Corona-Krise

Chefärzte: Behandlungen nicht hinauszögern!

| Lesedauer: 2 Minuten
Prof. Dr. Rudolf Töpper, Ärztlicher Direktor und Chefarzt der Klinik für Neurologie der Asklepios Klinik in Harburg

Prof. Dr. Rudolf Töpper, Ärztlicher Direktor und Chefarzt der Klinik für Neurologie der Asklepios Klinik in Harburg

Foto: M.Kuhn / HA

Ärzte des Asklepios Klinikums Harburg beobachten, dass Patienten mit lebensbedrohlichen Erkrankungen notwendige Klinikbehandlungen vermeiden

Harburg . Die Ärzte des Asklepios Klinikums Harburg beobachten mit Sorge, dass Patienten mit schweren und lebensbedrohlichen Erkrankungen aus Angst vor einer Corona-Infektion immer öfter dringend notwendige Klinikbehandlungen vermeiden.
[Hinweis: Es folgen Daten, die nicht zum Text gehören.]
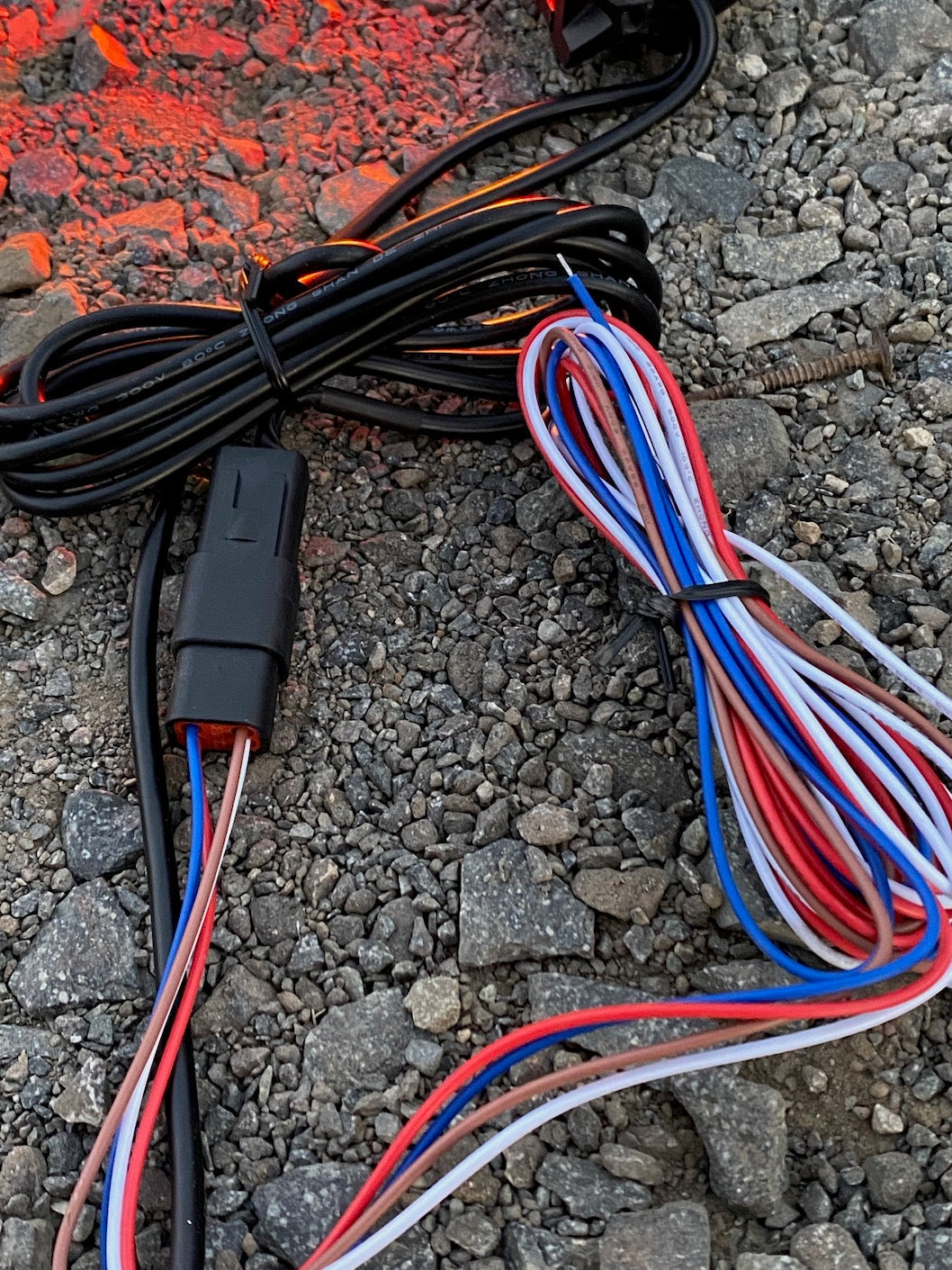 Chase LED Light Bar With Built In Strobe 32’’ - Light Bar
Dadurch bringen sie sich mitunter in Lebensgefahr, denn die Grunderkrankung ist oft weit gefährlicher als das Risiko einer Corona-Ansteckung. Besonders kritisch sind hier Herzkrankheiten, Schlaganfälle und Krebserkrankungen.

„Bei allen sinnvollen Maßnahmen gegen die Corona-Infektion dürfen wir nicht die anderen schwer erkrankten Patienten aus dem Blick verlieren“, sagt Prof. Dr. Rudolf Töpper, Chefarzt der Klinik für Neurologie in der Harburger Asklepios Klinik. „Schlaganfälle sind lebensbedrohliche Krankheiten, die eine sofortige Behandlung erfordern. Wer aus Angst vor einer Infektion eine dringend notwendige stationäre Behandlung vermeidet oder auch nur verzögert, bringt sich in große Gefahr“, so der Spezialist. In den Kliniken werden aufwändige Schutzmaßnahmen zur Infektionsvermeidung vorgenommen. „Patienten haben daher kein erhöhtes Risiko sich in der Notaufnahme oder auf einer Station anzustecken“, so Töpper.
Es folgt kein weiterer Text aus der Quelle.